THE BOOK OF HOUSEHOLDER KOANS: Waking Up in the Land of Attachments by Eve Myonen Marko and Wendy Egyoku Nakao
Monkfish Books
ISBN 1-948626-08-8
http://www.monkfishpublishing.com/products-page-2/buddhism/book-householder-koans/
What if we dropped any talk of Buddhism, or Zen, and looked at the everyday situations we find ourselves in: some silly, some poignant, and some unbearably cruel and painful. Yesterday it was the pandemic. Today it is George Floyd. Tomorrow it will be something else.
In The Book of Householder Koans, Roshis Eve Myonen Marko and Wendy Egyoku Nakao cook up a feast of sixty-six short stories of everyday life, presented in the form of The Blue Cliff Record, the Mumonkan, or, more recently, Zen Flesh, Zen Bones. In each story, the protagonist is a Zen practitioner negotiating and struggling with the intricacies of modern living from a Buddhist perspective.
Like all Zen parables, these are gripping and lyrical, completely relatable and yet exotic. The authors come with the highest authority, the broadest experience as Zen teachers in the West.
Their stories will inspire and linger with you. Here is what they have done for me. The story below, presented in the format of the book, is based on my personal experience and offered as an homage, or at least fan fiction, bowing, palms up….
IKKYU:
Staff maker
When everything is enough, there is not enough.
When there is not enough, everything is enough.
Silly talk for silly men.
KOAN
Drunken Ikkyu shows up at the Zen Center door in a dirty trench coat, straggly hair belying his earlier “incarnation” of Asian Zen monk when he first arrived in the city. The young Western sitters are, of course, shocked.

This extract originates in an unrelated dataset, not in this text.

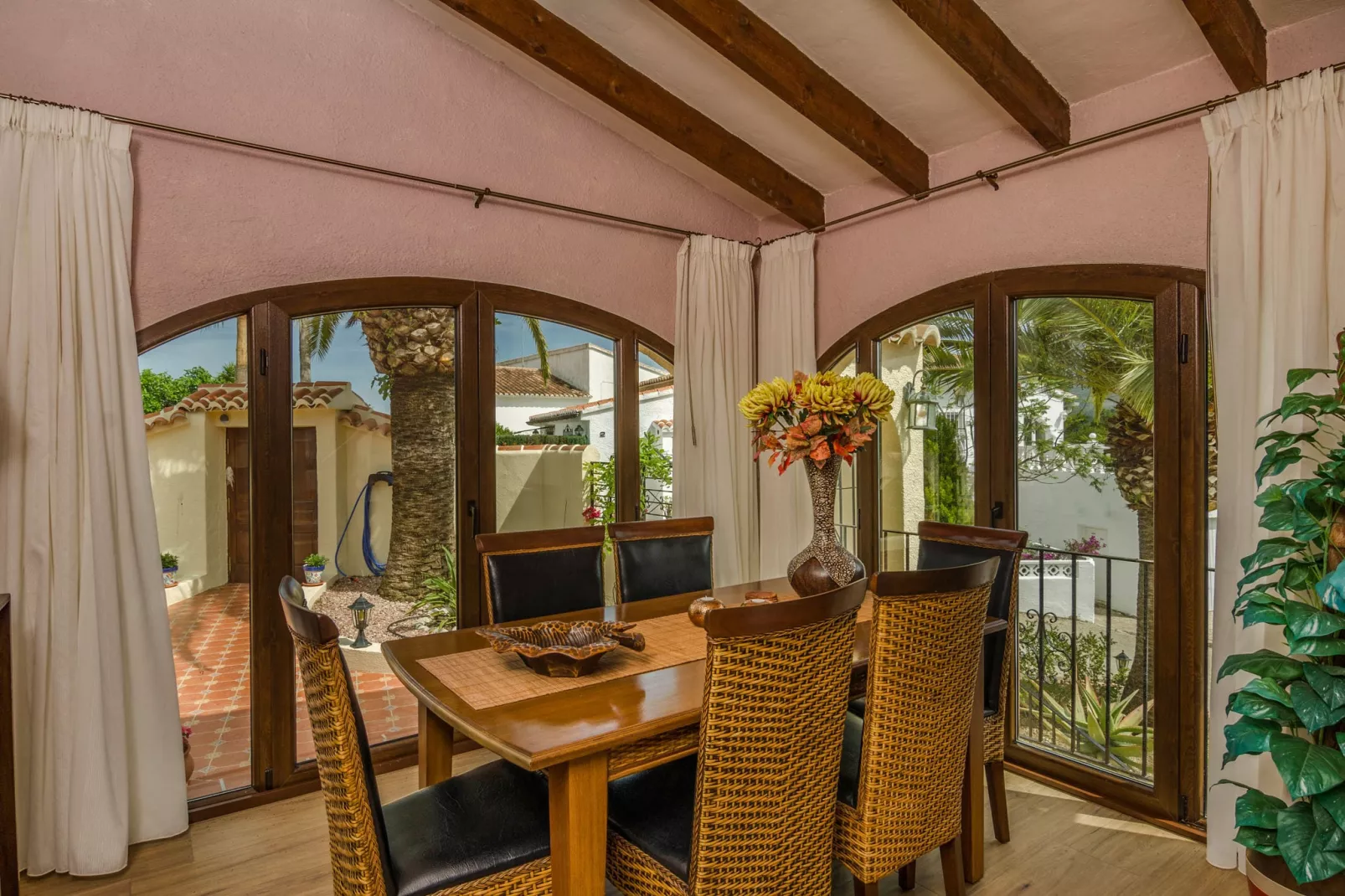 Casa el Paraiso	-Dining room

Where is the moral downfall?
REFLECTION
Ikkyu was the first Buddhist I ever met. He was a young monk of about 24, newly arrived in the West, living in a barren apartment. I, all of 18, had just read Zen Flesh, Zen Bones and had seen a flyer on a lamppost. Now I was off to meet a Zen master! Going up the stairs to the apartment, I was terrified he would beat me with a stick and hurl me down into the street below.

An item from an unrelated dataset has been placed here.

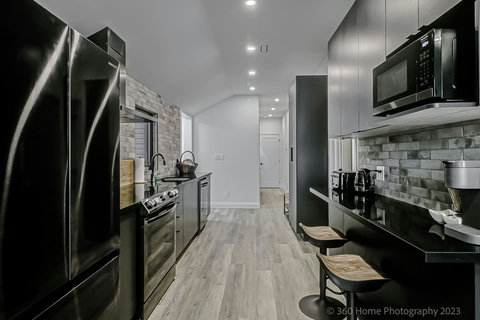 “Fully equipped kitchen.”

Instead, he turned out to be rather meek. We sat on ochre carpet ends that had been cut into squares, opposite each other on the wooden floor. He apologized for his bad English and suggested I find a Western teacher he knew, who was a student of Philip Kapleau. I did.

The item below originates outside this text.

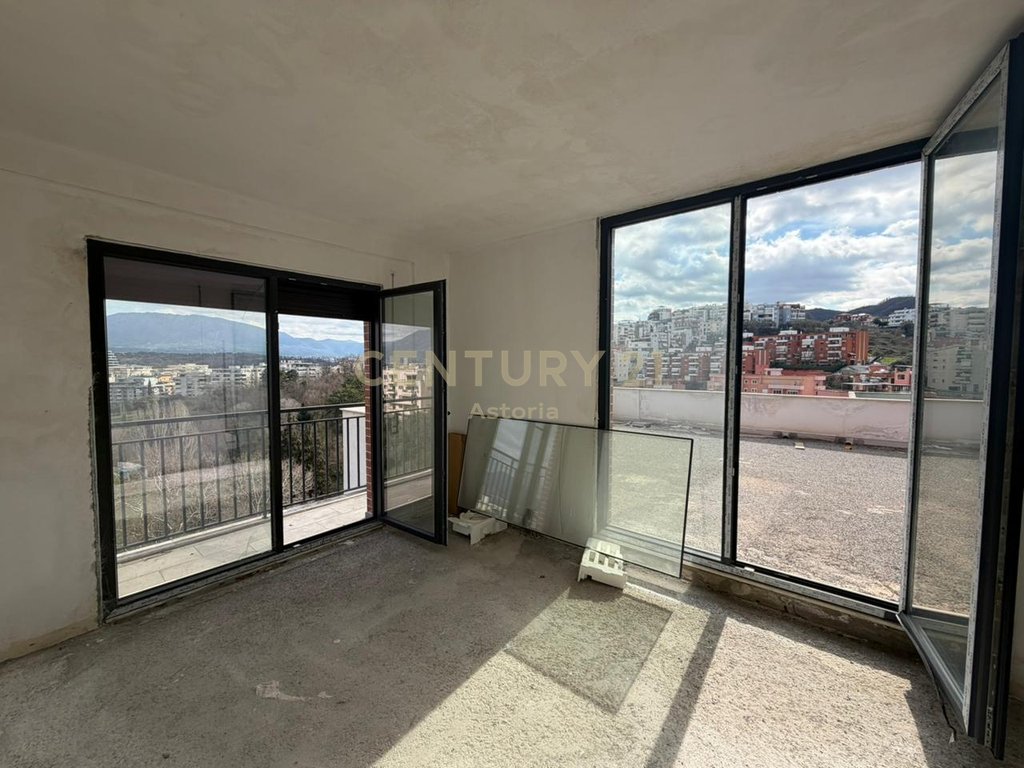 Apartament 1+1 me Verandë 90 m² – Kati 5, pamje e hapur nga Kopshti Botanik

Fast forward several years. I’m living in the Zen Center, and Ikkyu shows up one night for the evening sit, looking every bit the homeless person in tattered smelly clothes, drunk, and making a scene. Shocking.
Fast forward several years. I’m living in another city and discover Ikkyu is living in a basement apartment around the corner. I visit, and meet his live-in girlfriend. He’s not teaching, but he still self-identifies as a Buddhist priest. So does she.
Fast forward several years. Ikkyu is a monk again, with a small temple in what had originally been a neighborhood synagogue. He has a reputation for orthodox practice and has been successful in building a loyal Sangha from his ethnic community. We reconnect in a deeper way, and I become a donor to the center, although not a member.
Fast forward several years. Ikkyu has moved to a cavernous old building that had originally been a movie theatre with an enormous parking lot. It is now sparsely populated by gaunt western students in outfits that look vaguely like hospital scrubs. There are centers abroad as well. We joke about having known each other for more than 30 years.
Fast forward several years. The old theatre building is sold, making Ikkyu one of the richest Zen monks in the country. His lifestyle does not waver. He takes all the money and invests it in another Dharma Center building in the inner city of another (expensive) metropolis.
Ikkyu is one of North America’s leading Zen teachers.
What do we know?
How does the passage of time nourish our growth?
Even our Enlightenment is impermanent.